Orchestrator

Decision-plane component that runs the bounded Planner / Executor / Critic triad.

Reference DesignLast reviewed: 2026-05-04 Edit on GitHub

At a glance

Decision planeBounded execution loop

One Run Context's worth of execution: read CompiledContext, run the triad, emit a DecisionRecord.

Inputs

CompiledContext from the Compiler
Run Context with RunBudget (atomic accumulators)
DecisionSpec registry from the Decision Catalog
Tool registry with declared approval modes

Outputs

Typed Plan and step transcripts
DecisionRecord with evidence_refs, approvals, controls_active
Memory write proposals
OTEL trace bundle stitched across subagent lanes
Session checkpoints (in long_running mode)

Lifecycle

plan
verify
execute
score
consolidate

Canonical types

Plan
DecisionRecord
ToolCall
ToolResult
BackgroundSession

Reference Architecture

The Orchestrator is the bounded execution loop of the Decision plane. It runs the Planner / Executor / Critic triad, manages subagent lanes, and persists checkpoints for durable background sessions.

Definition

A coordinator component that owns one Run Context’s worth of execution.
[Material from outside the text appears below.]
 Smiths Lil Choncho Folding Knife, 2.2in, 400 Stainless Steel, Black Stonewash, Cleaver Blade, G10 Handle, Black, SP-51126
Reads the CompiledContext; runs the triad until the Critic emits a terminal verdict; produces a DecisionRecord. See Orchestration for the spec narrative.

Why it exists

A single agentic loop conflates planning, execution, and judgment, making failures uninterpretable. Splitting them gives the runtime three independently auditable artifacts (plan, transcript, verdict), enables replay, and lets each role enforce its own budget.

Inputs

CompiledContext from the Compiler
Run Context with RunBudget (atomic accumulators)
DecisionSpec registry from the Decision Catalog
Tool registry with declared approval modes

Outputs

Typed Plan and step transcripts
DecisionRecord with evidence_refs, approvals, controls_active
Memory write proposals
OTEL trace bundle stitched across subagent lanes
Session checkpoints (in long_running mode)

How it works

Plan — Planner reads CompiledContext; emits typed Plan with steps, tool intents, decision checkpoints.
Verify — Critic checks plan against tool allow-lists, evidence requirements, approval-mode declarations.
Execute — Executor runs verified steps via the Tool Manager. For network / delegated / destructive, splits into propose → approve → execute against a frozen evidence snapshot.
Score — Critic scores each completed step on the evaluators; renders accept / retry / replan / escalate.
Consolidate — extracts effects + evidence into memory write proposals.
Loop or terminate — re-plan attempts capped by RunBudget.max_replan_attempts.

Subagent lanes

Lanes are spawned with their own Run Context, token budget, tool surface, trace span.
Lane outputs return as typed envelopes; lane traces stitched into the parent.
Lanes cannot mutate parent effects[]; they propose results the parent’s Critic accepts or rejects.

Background sessions

A long_running mode persists a checkpoint after every Critic verdict.
Resumable by session_id against the same pinned pack and snapshot.
Operator interruptions enqueue a checkpoint resume.

Failure modes

Plan contains disallowed tools or missing approvals — caught by Critic at verify.
Tool retries cause duplicate side effects — mitigated by idempotency keys at the Tool Manager.
Subagent lane modifies parent effects — invariant violation; lane terminated.
Background session resumes against a different pack version — refuse with pack_version_mismatch.
Loop guard trips silently without a structured reason — bug; loop guard must always set loop_detected reason.

Operational concerns

Re-plan budgets per workflow; default 2, raised only with rationale.
Verification cost and strictness scale with risk_class.
Workflow timeouts and SLA enforcement at the Run Context boundary.
Subagent lane fan-out limits to bound cost and latency.
Background session checkpoint storage and TTL by tenant.

Evaluation metrics

Plan-verification pass rate.
Step completion rate.
Retry and recovery rate.
Escalation rate by risk tier.
Subagent lane success rate vs. parent re-plan rate.
Mean time to safe completion.